Training your THC receptors?

orangefrog

Well-Known Member
or cannabinoid receptors w/e they're called. wow, spell check doesn't have cannabinoid.


I started thinking about this a while ago but have been too busy to ask this. I started smoking weed about 2 years ago. I remember the first day i smoked pot and i remember the first day i got extremely high where it didn't compare to anything else, and as time went by i got into stronger weed (that's the training part i guess). Recently i went on vacation to europe for 6 weeks, and when i returned and smoked weed for the first time i'd have to say i experienced the full effects of weed. Auditory hallucinations. At first i didn't notice them but when i asked my friend to turn the radio off or does he hear the music and he replied i dont have a radio on the balcony and no i dont i knew i was. We we're taking bong hits on his balcony and it was raining lightly, a man was walking his dog and talking on his cell phone, cars we're driving, my friend was talking. Everything sounded like a song and when the man on his cell phone and my friend we're talking everything sounded backwards. I think after putting my THC receptor to work and training them to absorb THC after that 6 week break THC hit me like a fucking truck.
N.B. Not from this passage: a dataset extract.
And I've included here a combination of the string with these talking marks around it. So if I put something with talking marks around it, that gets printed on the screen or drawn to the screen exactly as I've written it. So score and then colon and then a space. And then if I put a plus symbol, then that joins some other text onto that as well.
Anyone else have a similar experience?
 

GrowTech

stays relevant.
i haven't stopped since i started it. if i wanna get that high, i just pop a couple cannabis pills. i wish i could just smoke a bowl and get insanely high again.
 

Bomb Tree

Active Member
Ive been clean for three days, until like right now..
wait.
hold on

yea right now. It makes like a big difference in your high. I think I'm the highest I've ever been.
 

chuckbane

New Member
a wake and bake after a hard night of drinking is sure to bring you back to the old days when you would get super stoned
 

Gryphonn

Well-Known Member
Starved receptors for most drugs will react that way. But cannabinoid receptors are the funnest :mrgreen:

A very unscientific explanation (with links to matthews related posts):

The more you smoke, the more cannabinoid receptors 'grow' or become active. Most people don't get stoned on their first or second session, because there has been no build up of receptors to trigger a big enough pleasure response. The more you smoke, the more receptors 'grow' or 'switch on', waiting for the next cannabinoid hit. Suddenly, you get high. When a receptors gets its fill, it 'dies off' or 'clogs up' and more take its place. So, if you stop, you get lots of cannabinoid sensitive receptors waiting for their hit.
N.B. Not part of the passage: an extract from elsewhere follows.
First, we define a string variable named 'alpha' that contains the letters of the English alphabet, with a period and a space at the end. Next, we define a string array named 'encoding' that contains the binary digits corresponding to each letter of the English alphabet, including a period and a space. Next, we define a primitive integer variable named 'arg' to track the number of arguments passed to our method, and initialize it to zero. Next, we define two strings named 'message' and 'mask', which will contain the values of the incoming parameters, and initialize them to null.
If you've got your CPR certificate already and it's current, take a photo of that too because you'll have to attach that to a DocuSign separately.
When you eventually smoke again, all these excess receptors reward you with endorphin doses and yeehah!

In my experience, the longer you are away from a smoke, the higher you'll get (if the weed is OK).


Nicotine receptors are the same in most people. Some people never get addicted to nicotine because they don't build new receptors for the nicotine. In other words, one specific dose of nicotine is all they need. Receptors die, but don't get replaced. They never need or want more and can quit immediately because there is never any increased pleasure in smoking nicotine.